“People do not know if it is true or not but apparently the children have been affected and I do feel a little responsible for it…the children can be reassured Momo is dead – she doesn’t exist and the curse is gone.”Sculptor Keisuke Aiso The Sun
For those of you who may not know, the MOMO Challenge is a real thing. Several countries have issued warnings about it and there were even people uploading it in the middle of kids videos on YouTube. There was also an AI created for text messaging apps that would respond to you as if they were MOMO. This unfortunate challenge caused people and kids around the world to commit suicide.
The Sun tracked down Sculptor Keisuke
The viral MoMo challenge itself and lore and memes surrounding seem to trace back to 2018, and the image were believed to be put on WhatsApp and YouTube, telling viewers to commit self-harm. However, investigative reports by Vox and The Atlantic have debunked the “Momo Challenge” as a viral hoax.
Keisuke Aiso told The Sun:
“And because it was out of the country and abroad I felt that it would pass, and I did not want to add fuel to the fire.

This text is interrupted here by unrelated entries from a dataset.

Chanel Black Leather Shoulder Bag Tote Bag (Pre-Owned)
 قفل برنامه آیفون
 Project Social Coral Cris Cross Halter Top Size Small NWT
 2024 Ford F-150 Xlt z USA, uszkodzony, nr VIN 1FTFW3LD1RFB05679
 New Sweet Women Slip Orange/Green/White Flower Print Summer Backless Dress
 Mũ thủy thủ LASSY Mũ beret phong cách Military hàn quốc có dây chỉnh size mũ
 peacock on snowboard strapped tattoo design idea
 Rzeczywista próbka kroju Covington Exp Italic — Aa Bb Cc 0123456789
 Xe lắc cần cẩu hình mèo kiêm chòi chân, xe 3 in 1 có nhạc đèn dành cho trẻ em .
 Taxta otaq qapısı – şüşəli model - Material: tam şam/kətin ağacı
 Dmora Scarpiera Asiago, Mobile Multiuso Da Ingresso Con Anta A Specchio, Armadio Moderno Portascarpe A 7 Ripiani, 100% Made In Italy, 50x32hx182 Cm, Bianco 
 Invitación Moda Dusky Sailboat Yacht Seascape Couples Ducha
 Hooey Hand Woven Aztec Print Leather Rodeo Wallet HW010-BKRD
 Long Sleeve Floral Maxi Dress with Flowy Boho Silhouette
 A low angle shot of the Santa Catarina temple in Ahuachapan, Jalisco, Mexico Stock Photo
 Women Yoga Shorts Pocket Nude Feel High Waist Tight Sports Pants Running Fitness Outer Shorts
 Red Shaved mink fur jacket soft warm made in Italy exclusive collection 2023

“It was not my masterpiece, so I’ve been surprised that it’s known around the world.”
He admits the sculpture, which features the head and naked torso of a traumatized woman, and a bird, is terrifying.
The artist was inspired by a Japanese ghost story about a lady who dies in childbirth and emerges as a bird woman to haunt the area where she died.
In local folklore, the woman appears cradling a baby and tries to hand it to strangers before disappearing before the baby turns into sticks or rocks.